An exact copy of the lines of the listing below between the "It's telling us" line and the "In this video" line, both included, is the whole answer; please omit the pictures.

(Extracted data):
####
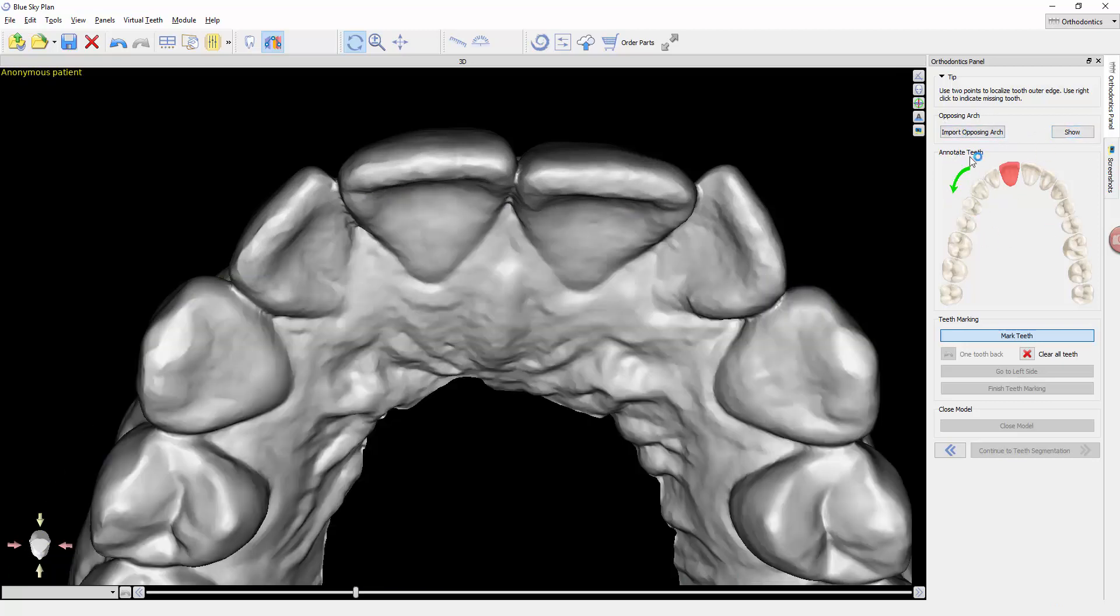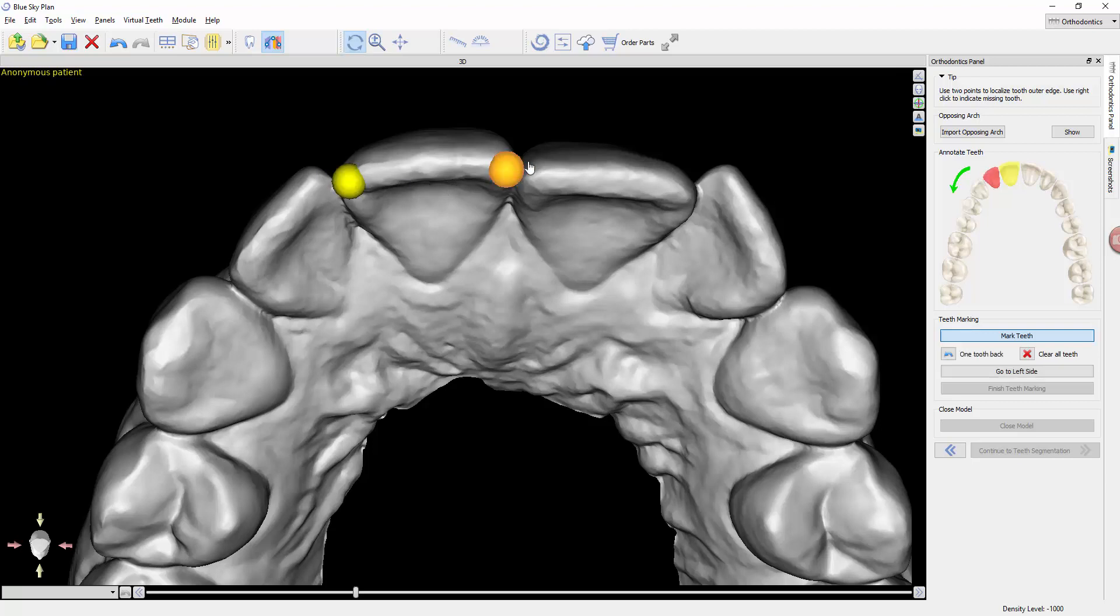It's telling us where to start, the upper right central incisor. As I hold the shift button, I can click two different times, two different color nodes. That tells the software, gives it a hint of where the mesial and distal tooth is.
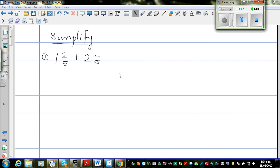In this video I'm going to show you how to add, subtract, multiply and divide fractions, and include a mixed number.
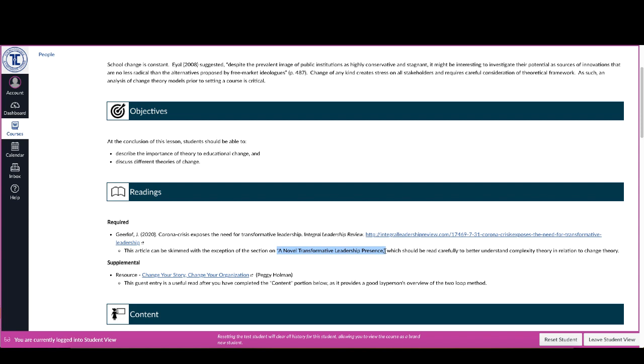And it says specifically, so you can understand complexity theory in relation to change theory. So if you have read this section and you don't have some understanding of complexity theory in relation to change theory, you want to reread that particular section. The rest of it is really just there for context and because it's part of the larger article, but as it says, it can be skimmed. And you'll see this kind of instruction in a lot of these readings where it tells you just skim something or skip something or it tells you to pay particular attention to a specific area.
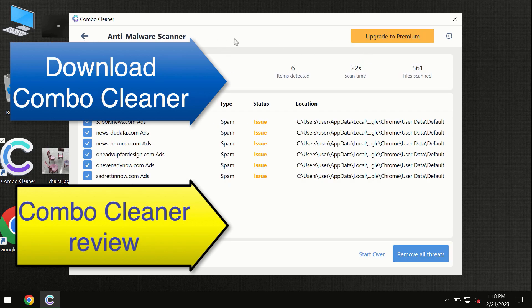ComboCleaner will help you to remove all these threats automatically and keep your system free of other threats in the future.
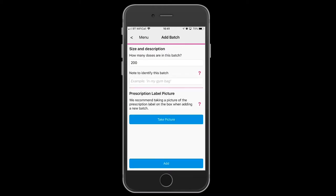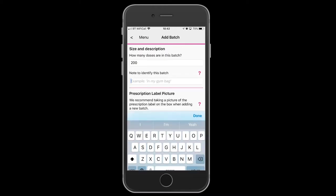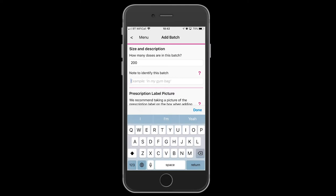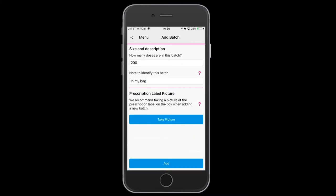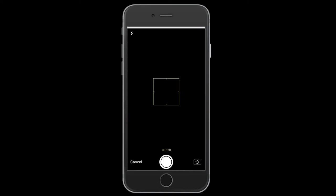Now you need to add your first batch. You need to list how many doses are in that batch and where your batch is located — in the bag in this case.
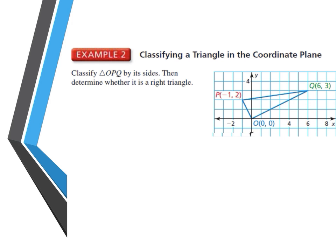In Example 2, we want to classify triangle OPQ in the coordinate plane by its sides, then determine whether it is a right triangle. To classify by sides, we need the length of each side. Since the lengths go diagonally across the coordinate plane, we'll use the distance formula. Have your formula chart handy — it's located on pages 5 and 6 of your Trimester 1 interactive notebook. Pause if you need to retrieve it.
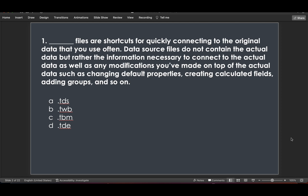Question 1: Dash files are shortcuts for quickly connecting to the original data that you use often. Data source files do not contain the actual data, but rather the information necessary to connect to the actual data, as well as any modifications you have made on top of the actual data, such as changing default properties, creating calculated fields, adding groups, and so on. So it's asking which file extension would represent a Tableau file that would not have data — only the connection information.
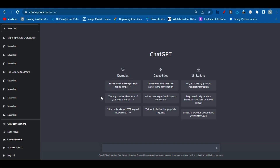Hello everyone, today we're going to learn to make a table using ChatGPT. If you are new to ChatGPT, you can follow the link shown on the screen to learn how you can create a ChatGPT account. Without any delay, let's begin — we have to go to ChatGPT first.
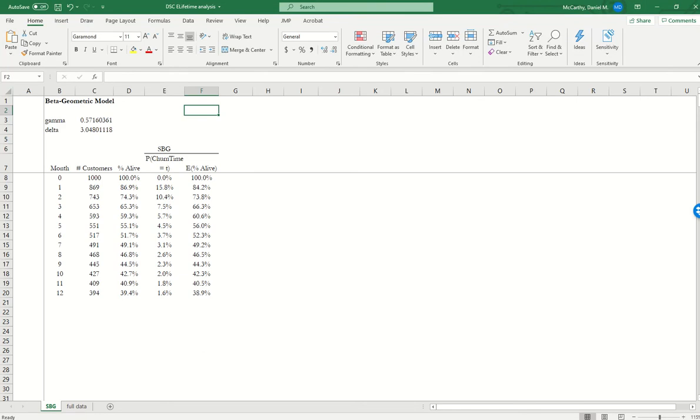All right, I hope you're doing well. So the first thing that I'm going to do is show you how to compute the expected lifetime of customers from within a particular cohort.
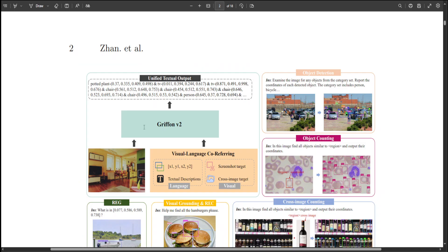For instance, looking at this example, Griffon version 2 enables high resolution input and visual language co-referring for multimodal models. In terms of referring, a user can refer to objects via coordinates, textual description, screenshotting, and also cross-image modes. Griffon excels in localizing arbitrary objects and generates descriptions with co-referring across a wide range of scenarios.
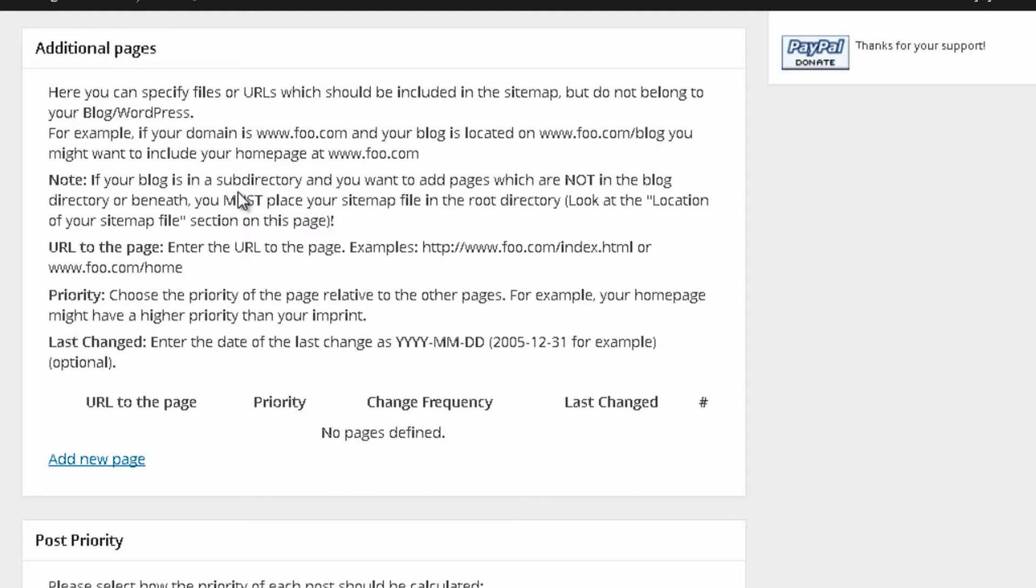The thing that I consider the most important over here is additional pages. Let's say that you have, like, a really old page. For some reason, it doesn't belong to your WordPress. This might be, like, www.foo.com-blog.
####
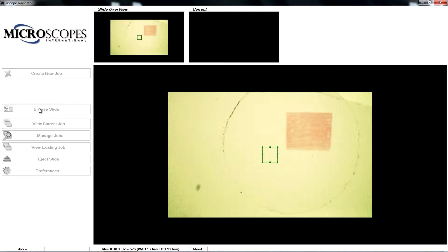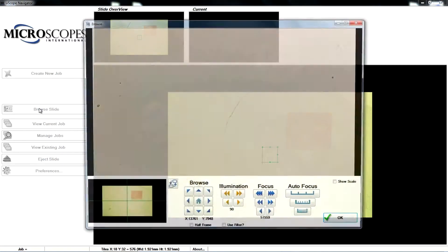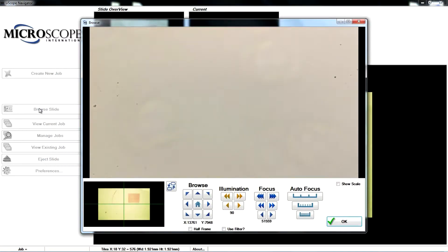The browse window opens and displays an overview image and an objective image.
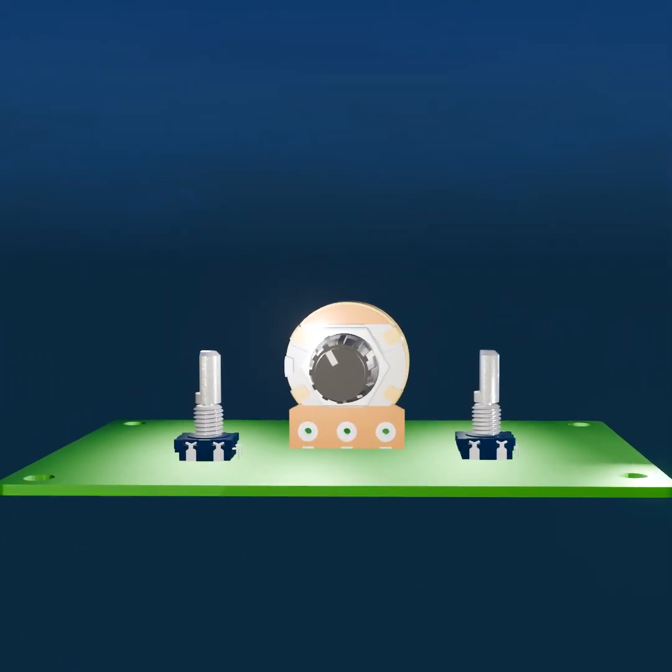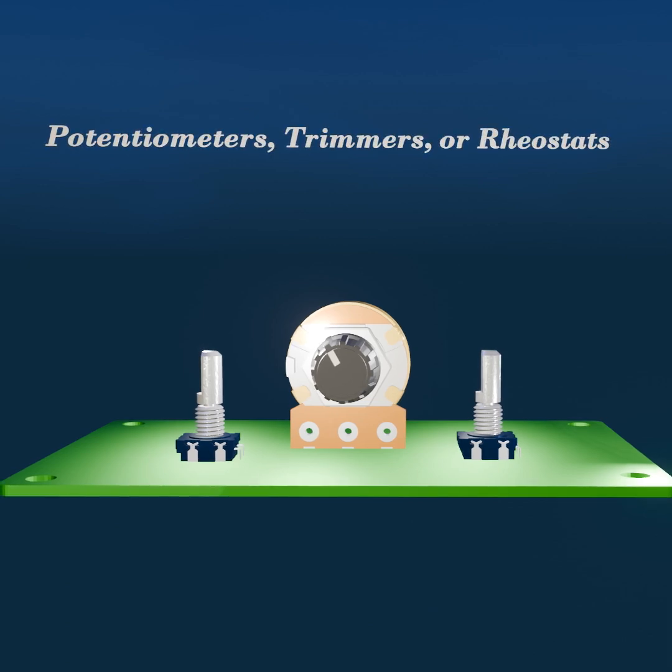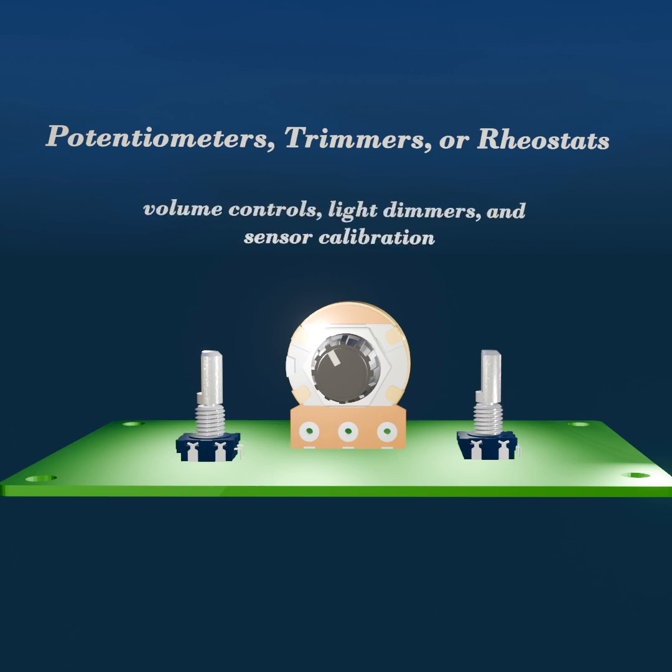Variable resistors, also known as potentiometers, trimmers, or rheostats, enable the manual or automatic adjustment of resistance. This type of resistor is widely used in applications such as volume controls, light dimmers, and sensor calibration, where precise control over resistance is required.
####
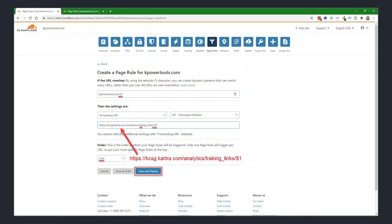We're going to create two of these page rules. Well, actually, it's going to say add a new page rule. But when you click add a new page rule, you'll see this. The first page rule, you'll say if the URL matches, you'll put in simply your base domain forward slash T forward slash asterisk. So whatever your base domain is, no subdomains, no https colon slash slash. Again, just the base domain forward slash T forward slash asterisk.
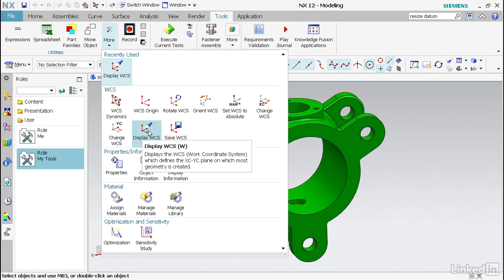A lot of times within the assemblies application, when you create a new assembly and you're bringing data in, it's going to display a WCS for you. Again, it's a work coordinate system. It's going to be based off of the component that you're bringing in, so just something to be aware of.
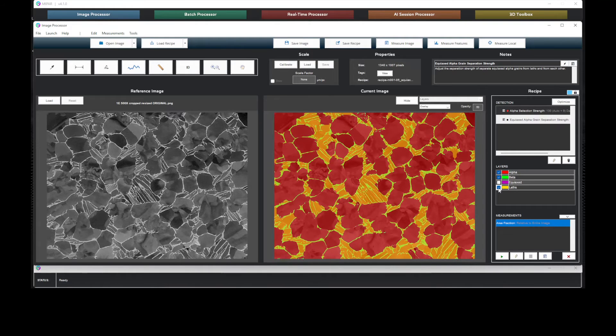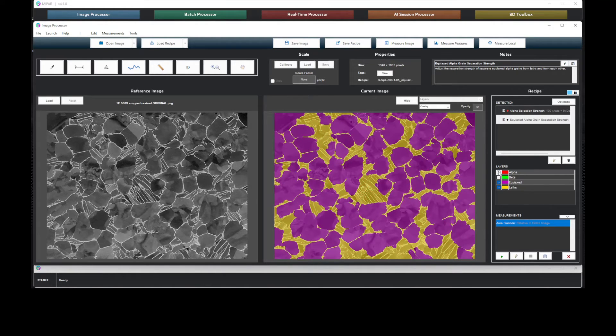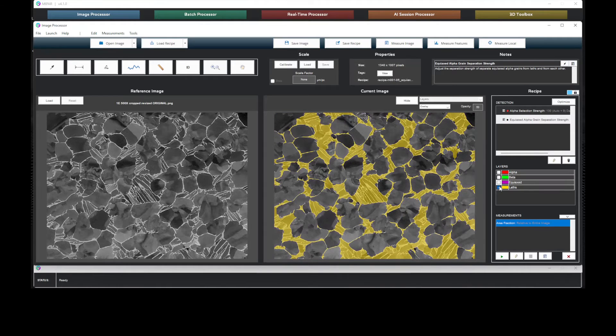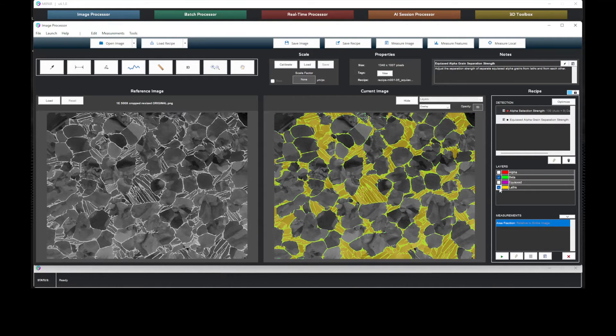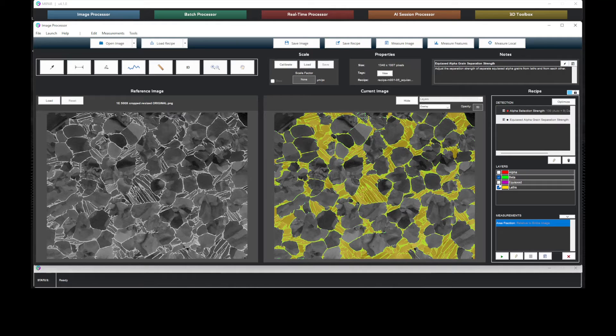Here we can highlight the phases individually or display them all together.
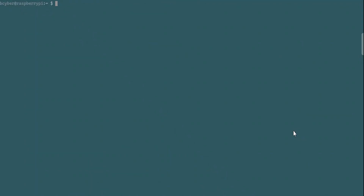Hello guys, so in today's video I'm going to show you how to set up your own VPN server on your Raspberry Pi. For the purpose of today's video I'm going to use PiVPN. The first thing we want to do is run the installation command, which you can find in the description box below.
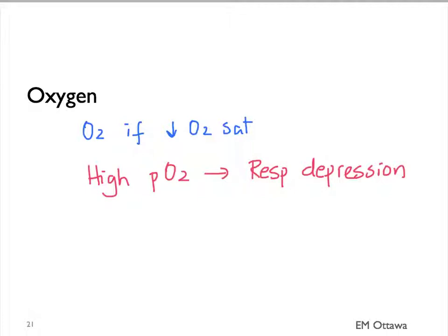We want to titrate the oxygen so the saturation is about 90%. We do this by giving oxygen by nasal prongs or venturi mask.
####
(Response area):
It's telling us where to start, the upper right central incisor. As I hold the shift button, I can click two different times, two different color nodes. That tells the software, gives it a hint of where the mesial and distal tooth is.
In this video I'm going to show you how to add, subtract, multiply and divide fractions, and include a mixed number.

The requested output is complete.